Dipole-dipole interaction driven antiblockade of two Rydberg atoms

TL;DR

This paper investigates how dipole-dipole interactions can induce Rydberg antiblockade, enabling simultaneous excitation of Rydberg atoms and potential quantum gate applications, expanding understanding beyond van der Waals interactions.

Contribution

It introduces the study of Rydberg antiblockade driven by dipole-dipole interactions and derives the effective Hamiltonian for such dynamics, highlighting robust geometric gate implementation.

Findings

Dipole-dipole interactions can induce Rydberg antiblockade.

Effective Hamiltonian for dipole-dipole driven antiblockade is derived.

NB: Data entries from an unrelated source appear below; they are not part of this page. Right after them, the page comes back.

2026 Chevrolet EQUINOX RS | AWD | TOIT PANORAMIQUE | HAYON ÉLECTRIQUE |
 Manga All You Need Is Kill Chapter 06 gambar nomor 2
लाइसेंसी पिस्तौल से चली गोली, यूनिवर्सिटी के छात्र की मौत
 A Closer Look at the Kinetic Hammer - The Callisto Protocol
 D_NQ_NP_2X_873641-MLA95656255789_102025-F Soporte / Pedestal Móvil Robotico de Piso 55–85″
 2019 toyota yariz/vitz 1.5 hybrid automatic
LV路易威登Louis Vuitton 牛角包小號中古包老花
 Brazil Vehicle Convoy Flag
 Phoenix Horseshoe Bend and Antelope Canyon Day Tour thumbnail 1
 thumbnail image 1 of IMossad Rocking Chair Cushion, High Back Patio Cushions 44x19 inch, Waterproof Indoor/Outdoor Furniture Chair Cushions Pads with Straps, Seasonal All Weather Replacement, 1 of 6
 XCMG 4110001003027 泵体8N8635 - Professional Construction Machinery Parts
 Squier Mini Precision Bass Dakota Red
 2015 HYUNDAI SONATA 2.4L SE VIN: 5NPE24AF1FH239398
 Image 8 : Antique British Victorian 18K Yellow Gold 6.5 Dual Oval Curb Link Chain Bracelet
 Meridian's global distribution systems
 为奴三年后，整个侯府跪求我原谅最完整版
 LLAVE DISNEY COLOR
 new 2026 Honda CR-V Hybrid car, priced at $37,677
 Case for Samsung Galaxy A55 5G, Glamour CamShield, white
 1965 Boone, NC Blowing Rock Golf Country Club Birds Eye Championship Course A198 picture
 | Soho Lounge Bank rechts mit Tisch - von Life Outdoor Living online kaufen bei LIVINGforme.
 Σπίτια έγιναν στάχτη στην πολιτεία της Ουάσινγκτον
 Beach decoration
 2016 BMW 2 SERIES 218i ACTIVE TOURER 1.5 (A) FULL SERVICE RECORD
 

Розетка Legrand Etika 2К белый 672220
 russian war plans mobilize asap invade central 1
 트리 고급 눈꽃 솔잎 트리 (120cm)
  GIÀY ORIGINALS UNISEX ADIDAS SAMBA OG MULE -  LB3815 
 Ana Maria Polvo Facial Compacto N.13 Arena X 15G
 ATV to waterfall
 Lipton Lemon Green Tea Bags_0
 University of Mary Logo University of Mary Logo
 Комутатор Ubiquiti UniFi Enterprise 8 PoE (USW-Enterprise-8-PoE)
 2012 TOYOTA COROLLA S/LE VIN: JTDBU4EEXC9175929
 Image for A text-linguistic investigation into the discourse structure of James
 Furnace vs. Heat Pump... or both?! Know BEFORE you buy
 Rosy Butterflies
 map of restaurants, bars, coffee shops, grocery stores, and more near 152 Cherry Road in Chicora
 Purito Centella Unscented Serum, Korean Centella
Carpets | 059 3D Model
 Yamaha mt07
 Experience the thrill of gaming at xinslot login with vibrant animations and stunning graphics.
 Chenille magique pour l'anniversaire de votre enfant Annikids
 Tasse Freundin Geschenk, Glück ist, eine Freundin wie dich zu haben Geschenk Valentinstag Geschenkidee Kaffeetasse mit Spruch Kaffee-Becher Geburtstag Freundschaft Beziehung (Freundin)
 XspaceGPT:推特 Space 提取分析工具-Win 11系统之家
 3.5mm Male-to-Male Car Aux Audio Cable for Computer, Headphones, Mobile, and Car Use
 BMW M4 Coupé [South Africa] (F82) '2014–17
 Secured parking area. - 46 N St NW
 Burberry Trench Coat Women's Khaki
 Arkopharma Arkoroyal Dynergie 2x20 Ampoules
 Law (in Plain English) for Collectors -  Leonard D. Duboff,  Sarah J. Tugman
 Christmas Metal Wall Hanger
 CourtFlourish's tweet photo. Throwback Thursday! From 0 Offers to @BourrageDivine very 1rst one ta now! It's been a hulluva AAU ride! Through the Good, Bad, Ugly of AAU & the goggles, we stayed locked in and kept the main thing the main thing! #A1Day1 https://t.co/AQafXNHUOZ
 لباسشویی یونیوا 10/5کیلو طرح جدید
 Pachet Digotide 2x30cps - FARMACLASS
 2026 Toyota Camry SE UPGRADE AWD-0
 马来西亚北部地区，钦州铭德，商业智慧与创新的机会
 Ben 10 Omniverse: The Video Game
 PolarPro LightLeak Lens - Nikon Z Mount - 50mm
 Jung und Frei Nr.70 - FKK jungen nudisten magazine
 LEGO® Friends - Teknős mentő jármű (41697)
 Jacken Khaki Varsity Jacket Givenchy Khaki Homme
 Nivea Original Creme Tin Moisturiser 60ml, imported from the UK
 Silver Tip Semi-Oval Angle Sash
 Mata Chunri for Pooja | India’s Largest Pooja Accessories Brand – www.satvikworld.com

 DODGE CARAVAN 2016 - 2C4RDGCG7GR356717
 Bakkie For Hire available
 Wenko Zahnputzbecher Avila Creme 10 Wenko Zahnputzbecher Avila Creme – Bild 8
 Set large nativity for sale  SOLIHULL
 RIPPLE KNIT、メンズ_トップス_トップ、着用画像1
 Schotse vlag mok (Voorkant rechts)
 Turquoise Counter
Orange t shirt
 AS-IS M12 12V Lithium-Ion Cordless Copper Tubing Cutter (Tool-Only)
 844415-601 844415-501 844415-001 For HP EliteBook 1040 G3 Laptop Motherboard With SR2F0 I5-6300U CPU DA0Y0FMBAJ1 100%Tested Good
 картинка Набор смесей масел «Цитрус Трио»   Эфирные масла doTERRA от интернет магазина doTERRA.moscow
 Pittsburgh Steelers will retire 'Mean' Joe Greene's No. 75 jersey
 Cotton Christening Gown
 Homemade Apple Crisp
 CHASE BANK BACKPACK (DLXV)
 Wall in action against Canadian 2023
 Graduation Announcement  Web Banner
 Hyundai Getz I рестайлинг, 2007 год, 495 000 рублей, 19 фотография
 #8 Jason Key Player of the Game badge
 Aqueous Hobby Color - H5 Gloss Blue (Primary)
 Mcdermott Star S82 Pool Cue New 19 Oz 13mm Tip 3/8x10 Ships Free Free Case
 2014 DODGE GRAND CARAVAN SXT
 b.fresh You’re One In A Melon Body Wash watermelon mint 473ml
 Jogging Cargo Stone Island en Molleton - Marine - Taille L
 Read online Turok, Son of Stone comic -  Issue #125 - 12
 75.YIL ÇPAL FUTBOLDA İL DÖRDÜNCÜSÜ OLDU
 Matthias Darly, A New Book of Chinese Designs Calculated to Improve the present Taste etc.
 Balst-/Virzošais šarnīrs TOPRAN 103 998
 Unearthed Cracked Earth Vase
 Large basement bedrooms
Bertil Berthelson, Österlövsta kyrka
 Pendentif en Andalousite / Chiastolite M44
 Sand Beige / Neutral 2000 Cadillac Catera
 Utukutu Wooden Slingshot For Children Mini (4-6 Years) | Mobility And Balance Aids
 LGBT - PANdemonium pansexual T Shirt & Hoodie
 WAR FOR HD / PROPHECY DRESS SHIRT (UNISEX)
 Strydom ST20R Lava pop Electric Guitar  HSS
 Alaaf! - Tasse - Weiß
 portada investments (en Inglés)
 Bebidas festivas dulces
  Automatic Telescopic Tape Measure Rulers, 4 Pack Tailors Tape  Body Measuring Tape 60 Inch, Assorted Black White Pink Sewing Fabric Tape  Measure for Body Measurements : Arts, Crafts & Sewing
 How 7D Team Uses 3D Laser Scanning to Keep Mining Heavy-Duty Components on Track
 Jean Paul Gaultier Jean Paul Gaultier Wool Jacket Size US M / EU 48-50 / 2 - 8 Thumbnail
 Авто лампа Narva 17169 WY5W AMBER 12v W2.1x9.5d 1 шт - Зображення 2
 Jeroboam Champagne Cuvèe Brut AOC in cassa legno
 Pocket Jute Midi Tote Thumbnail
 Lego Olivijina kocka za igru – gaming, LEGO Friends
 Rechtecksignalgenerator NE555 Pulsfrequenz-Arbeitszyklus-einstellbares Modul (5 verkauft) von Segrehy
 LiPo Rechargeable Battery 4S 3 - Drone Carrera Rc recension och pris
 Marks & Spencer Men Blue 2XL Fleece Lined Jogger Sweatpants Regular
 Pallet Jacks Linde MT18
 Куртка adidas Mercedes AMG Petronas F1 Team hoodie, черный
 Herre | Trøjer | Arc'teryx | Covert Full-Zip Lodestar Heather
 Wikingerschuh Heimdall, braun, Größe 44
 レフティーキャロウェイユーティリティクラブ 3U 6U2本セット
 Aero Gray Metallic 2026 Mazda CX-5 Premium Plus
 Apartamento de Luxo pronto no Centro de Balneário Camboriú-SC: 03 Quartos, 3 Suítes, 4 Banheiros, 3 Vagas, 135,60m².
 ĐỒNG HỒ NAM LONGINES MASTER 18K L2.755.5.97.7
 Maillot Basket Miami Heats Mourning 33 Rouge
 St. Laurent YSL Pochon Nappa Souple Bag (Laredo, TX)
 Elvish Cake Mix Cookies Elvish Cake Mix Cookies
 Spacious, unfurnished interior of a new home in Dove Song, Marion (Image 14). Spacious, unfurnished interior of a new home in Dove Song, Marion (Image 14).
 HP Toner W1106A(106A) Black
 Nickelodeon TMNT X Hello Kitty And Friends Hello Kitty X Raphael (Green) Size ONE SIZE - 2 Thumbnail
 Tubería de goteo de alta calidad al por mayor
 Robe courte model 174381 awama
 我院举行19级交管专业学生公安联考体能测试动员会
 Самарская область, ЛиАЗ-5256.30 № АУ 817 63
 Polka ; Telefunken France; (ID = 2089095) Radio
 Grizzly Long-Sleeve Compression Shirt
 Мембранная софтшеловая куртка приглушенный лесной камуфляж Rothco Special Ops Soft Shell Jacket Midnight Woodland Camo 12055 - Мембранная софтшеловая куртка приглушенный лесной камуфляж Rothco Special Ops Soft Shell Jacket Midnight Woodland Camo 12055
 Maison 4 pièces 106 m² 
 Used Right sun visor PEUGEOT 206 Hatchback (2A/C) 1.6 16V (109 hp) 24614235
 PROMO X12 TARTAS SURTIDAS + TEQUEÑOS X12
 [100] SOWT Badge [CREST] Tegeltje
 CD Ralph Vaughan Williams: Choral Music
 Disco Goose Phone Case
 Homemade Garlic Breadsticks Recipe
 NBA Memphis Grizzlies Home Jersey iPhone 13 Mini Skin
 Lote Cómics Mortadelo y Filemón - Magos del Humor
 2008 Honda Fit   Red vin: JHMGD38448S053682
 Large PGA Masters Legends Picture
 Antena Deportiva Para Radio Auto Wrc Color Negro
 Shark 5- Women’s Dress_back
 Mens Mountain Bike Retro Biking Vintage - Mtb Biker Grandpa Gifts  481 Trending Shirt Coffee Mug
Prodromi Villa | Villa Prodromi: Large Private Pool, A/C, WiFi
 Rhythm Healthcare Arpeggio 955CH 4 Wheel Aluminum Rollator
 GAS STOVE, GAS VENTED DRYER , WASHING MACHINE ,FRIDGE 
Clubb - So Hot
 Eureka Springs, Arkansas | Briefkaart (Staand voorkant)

Geometric gates can be realized with robustness against Rydberg state decay.

Abstract

Resonant laser excitation of multiple Rydberg atoms are prohibited, leading to Rydberg blockade, when the long-range van der Waals interactions are stronger than the laser-atom coupling. Rydberg blockade can be violated, i.e. simultaneous excitation of more than one Rydberg atoms, by off-resonant laser excitation, causing an excitation antiblockade. Rydberg antiblockade gives rise to strongly correlated many-body dynamics and spin-orbit coupling, and also finds quantum computation applications. Instead of commonly used van der Waals interactions, we investigate antiblockade dynamics of two Rydberg atoms interacting via dipole-dipole exchange interactions. We study typical situations in current Rydberg atoms experiments, where different types of dipole-dipole interactions can be achieved by varying Rydberg state couplings. Effective Hamiltonian governing underlying antiblockade dynamics is derived. We illustrate that geometric gates can be realized with the Rydberg antiblockade which is robust against decay of Rydberg states. Our study may stimulate new experimental and theoretical exploration of quantum optics and strongly interacting many-body dynamics with Rydberg antiblockade driven by dipole-dipole interactions.